In this method, the function we create is the existing strong correlation features and the interaction items between these features. For example, we can create variables EXT_SOURCE_1^ 2 and EXT_SOURCE_2^ 2, as well as variables such as EXT_SOURCE_1 x EXT_SOURCE_2, EXT_SOURCE_1 xEXT_SOURCE_2^2, EXT_SOURCE_1^ 2, EXT_SOURCE_2^2, EXT_SOURCE_1^ 2, EXT_SOURCE 2^2,

And so on. These functions, which are composed of multiple individual variables, are called interaction items because they capture interactions between variables. In other words, although the two variables themselves may not have a strong impact on the target, combining them to form an interactive variable may show the relationship with the target.

# Extracting Several Strongly Related Features and TARGET Attributes
poly_features_train = data_train[['EXT_SOURCE_1','EXT_SOURCE_2','EXT_SOURCE_3','DAYS_BIRTH','TARGET']]
poly_features_test = data_test[['EXT_SOURCE_1','EXT_SOURCE_2','EXT_SOURCE_3','DAYS_BIRTH']]

# Store TARGET separately
poly_target = poly_features_train['TARGET']
# Remove TARGET and keep test / train consistent
poly_features_train = poly_features_train.drop(columns=['TARGET'])

Imputer interpolation is used to fill in the gaps before the change.
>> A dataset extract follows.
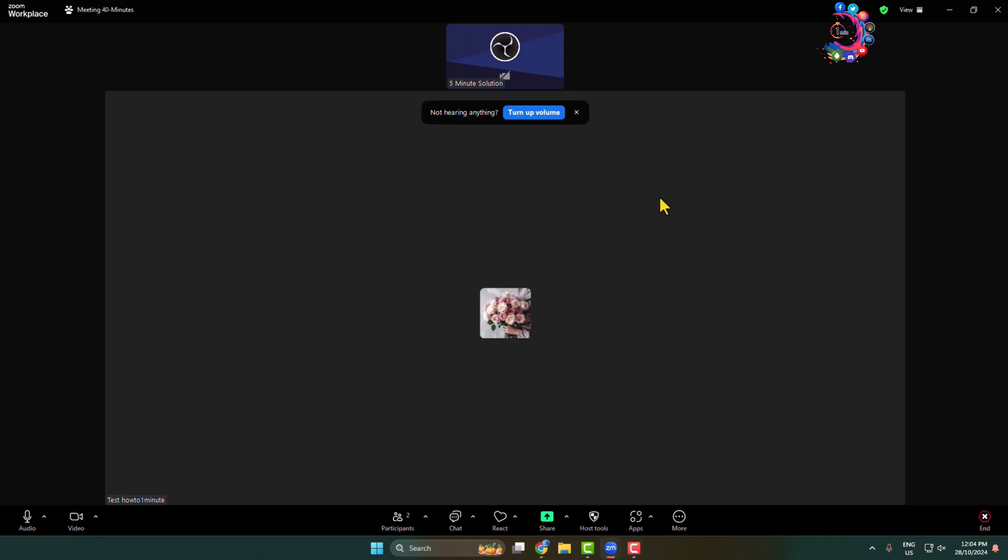Make sure you are the owner of the meeting or you are the host of the meeting. Now to make someone co-host, click on participants.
from sklearn.preprocessing import Imputer
# The strategy is to fill in the middle value
impt = Imputer(strategy='median')
# Transform directly with fit_transform method
# Note that the result is a digital matrix.
poly_features_train = impt.fit_transform(poly_features_train)
poly_features_test = impt.fit_transform(poly_features_test)

poly_features_train

array([[8.30369674e-02, 2.62948593e-01, 1.39375780e-01, 9.46100000e+03],
       [3.11267311e-01, 6.22245775e-01, 5.35276250e-01, 1.67650000e+04],
       [5.05997931e-01, 5.55912083e-01, 7.29566691e-01, 1.90460000e+04],
       ...,
       [7.44026400e-01, 5.35721752e-01, 2.18859082e-01, 1.49660000e+04],
       [5.05997931e-01, 5.14162820e-01, 6.61023539e-01, 1.19610000e+04],
       [7.34459669e-01, 7.08568896e-01, 1.13922396e-01, 1.68560000e+04]])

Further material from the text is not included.